One Flushing family was shocked and horrified early Tuesday morning when police and fire officials discovered a car buried under several feet of snow containing the body of a male in his 20s who apparently shot himself in his vehicle last week. Reportedly, a near-by neighbor said that seeing cars buried under the snow in their community was nothing new.

“There are still cars buried from the second snow storm we had after Christmas,” said Maria Thomson, executive director of the Greater Woodhaven Development Corporation and the Woodhaven Business Improvement District. “Usually, we have a lot of people parking their cars and shopping. We haven’t had that. January is always a slow month, but this is really bad.”

In areas like Glendale, homeowners who have often spent hours digging out their cars are very proprietary of their parking spots, sometimes marking them with trash cans or cones.

“We do all the work. It’s unfair – I come home from work and my spot is gone,” said one resident of 64th Street.

With metered parking constantly suspended, costing the city approximately $300,000 a day according to city officials, finding places to park and shop has been difficult due to drivers occupying parking spots for hours at a time. One bright spot has been certain shopping centers like The Bay Terrace in Bayside, which has a consistent record of clearing their lots and creating lots of spaces for parking.

“The lots are always clean and the maintenance tries their best,” said Lena Briskin of Alicia’s Jewelers.

Another problem shared by Dian Yu, executive director of the Flushing BID, has been damage to streets caused by melting snow underneath massive accumulations and Sanitation plows.

“This has become extremely dangerous for pedestrians and drivers,” said Yu, who also said that the Department of Sanitation has done a “great job.” This message was reiterated by Gregg Sullivan, executive director of the Bayside BID who had to carry his dog across Bell Boulevard in fear of pebbles, rocks and salt harming his dog’s paws. Sullivan – who has proposed a meeting of business owners along Bell Boulevard to discuss the impact of the snow on the local economy – said that January is going to be one of the worst months on record in terms of commerce.

“By night, Bell is thriving, but during the day, nobody is doing any business anywhere,” said Sullivan.

Since the debacle surrounding the Blizzard of 2010, in which some allege Sanitation workers slowed down the progress of plowing, Mayor Michael Bloomberg has received less attention in the media and by local politicians regarding the clearing of main and side streets.
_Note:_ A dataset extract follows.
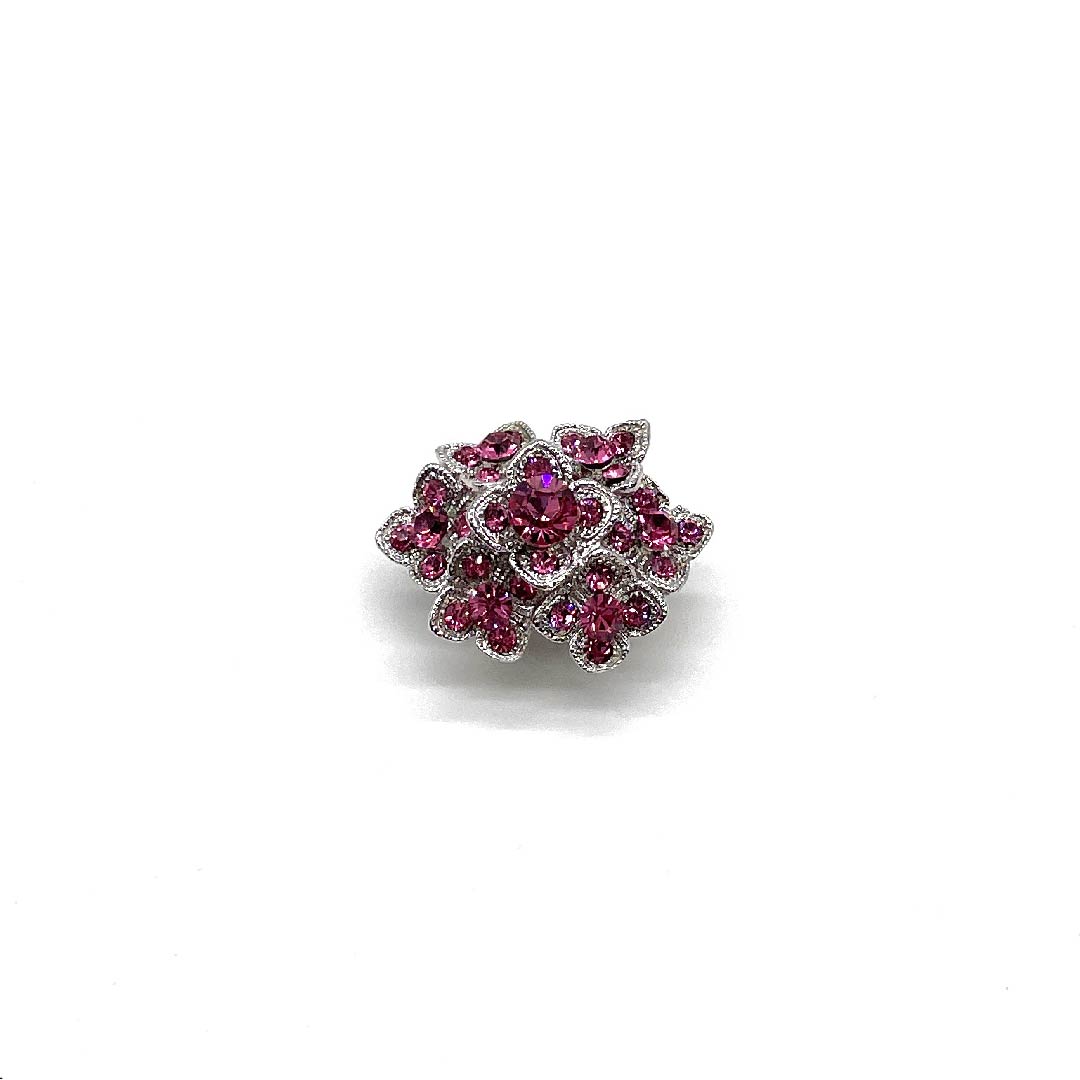 (New old stock) Obi clasp, glass, casual, Swarovski, flower, length approx. 2.5cm, width approx. 3.5cm, S rank, pink, 1137000962913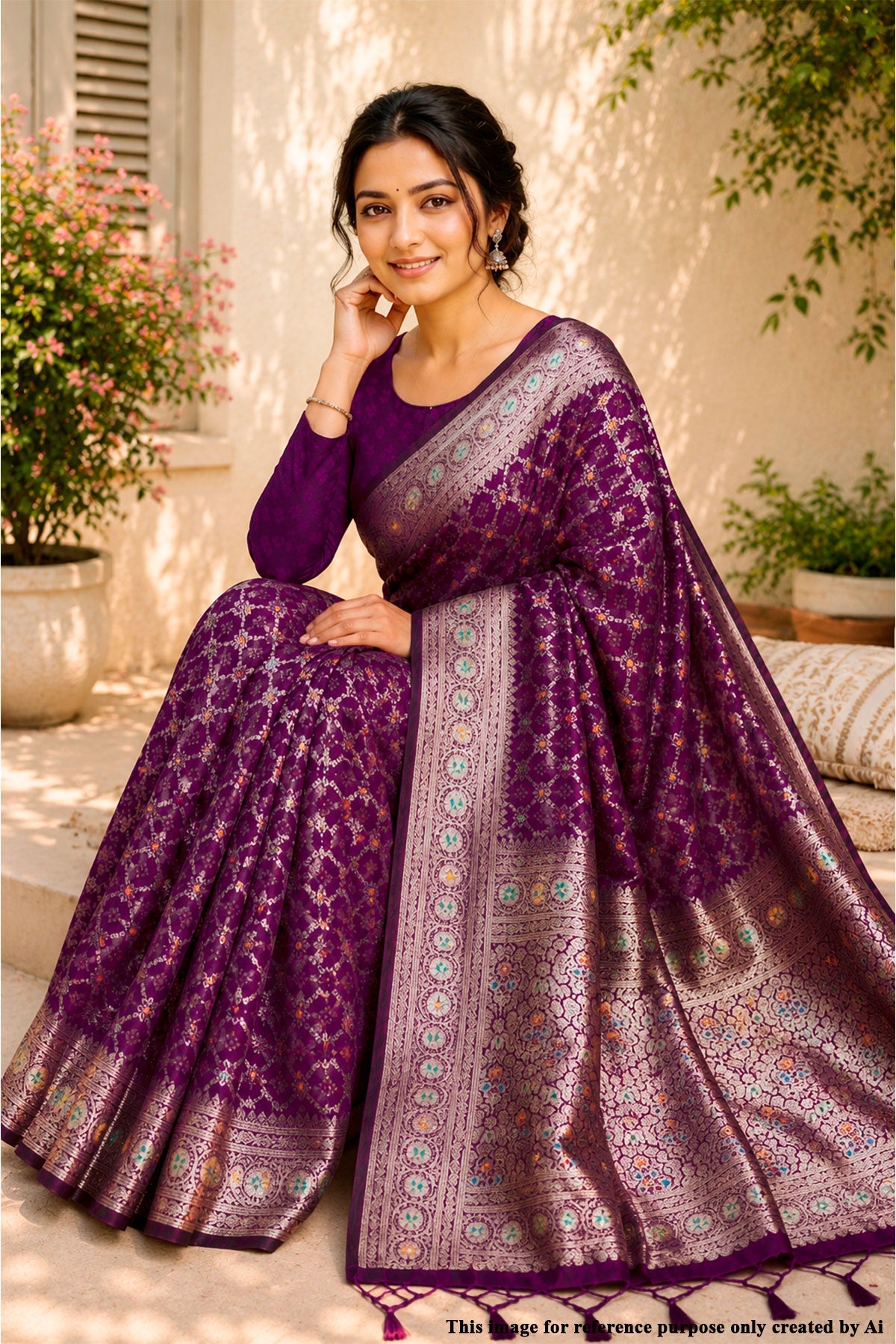 Wine Silk Weaving Saree Elegant Traditional & Festive Wear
The president of the Woodhaven Residents’ Block Association, Edward Wendell, believes Woodhaven has been left behind in the plowing race and has assigned 36 “block captains” covering 59 blocks to report unplowed or dangerous conditions to the Department of Sanitation.

“In the wake of our most recent snowstorm, Mayor Bloomberg proclaimed that the city had proven that it had learned its lesson. City Councilmember Peter Vallone Jr. of Astoria obviously agreed, saying ‘I would give them an A for preparation, snow removal, and communication.’”

Additionally, The New York Times said that the Mayor’s image was reborn, calling it "one of the most dramatic reversals of fortune in the annals of modern politics,” said Wendell. “If 16 unplowed roads 36 hours after the storm ends is an ‘A’ then we must be grading on one heck of a curve.”

Governor Andrew Cuomo recently outlined state preparations and urged precautions for more anticipated snow and ice. For more information on how individuals can be better prepared for emergencies and for winter safety tips, visit: www.semo.state.ny.us. Motorists who need to check conditions can access winter weather travel updates at www.nysdot.gov/wta. Real-time travel reports can also be accessed by phone by dialing 5-1-1 or online at www.511ny.org.